The Nook HD+ tablet. James Martin/CNET

Barnes & Noble will keep making the breadth of its Nook devices after all, in a reversal of strategy set by a chief executive who departed last month.

Michael P. Huseby, president of Barnes & Noble and chief executive of its Nook Media unit, said the company "intends to continue to design and develop cutting-edge Nook black and white and color devices," which includes offering Nook HD, Nook HD+ and its other e-readers "at the best values in the marketplace." At least one new Nook will be released for the holidays and more products are being developed, he added.

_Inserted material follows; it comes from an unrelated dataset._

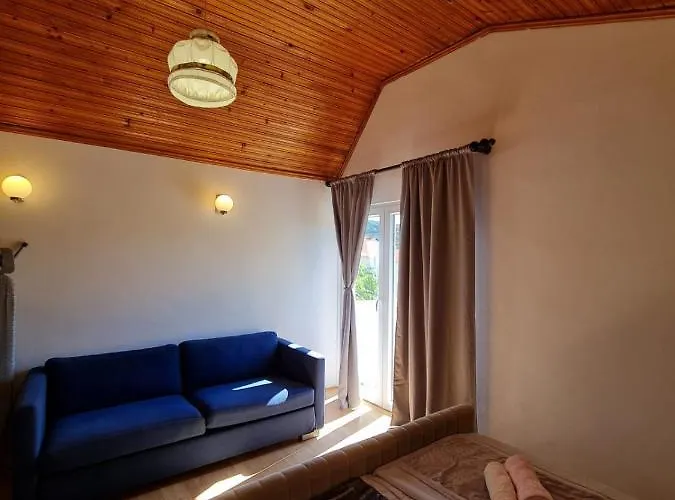 Maestral-nmf Supetarska Draga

Meanwhile, Nook division sales sank 20 percent in the latest period, while its adjusted losses narrowed slightly to $55 million.

"Our top priority in our operating strategy is to increase all categories of our content revenue. We are working on innovative ways to sell content to our existing customers and are exploring new markets we can serve successfully," Huseby said in a statement accompanying the report.

In June, Barnes & Noble said it would jettison its business making tablets like its Nook HD and Nook HD+, followed shortly thereafter by the news that CEO William Lynch would resign. That marked the departure of a tech-focused executive who rose to the company's helm from its online business, and put more authority in the hands of Leonard Riggio, Barnes & Noble's chairman and biggest shareholder.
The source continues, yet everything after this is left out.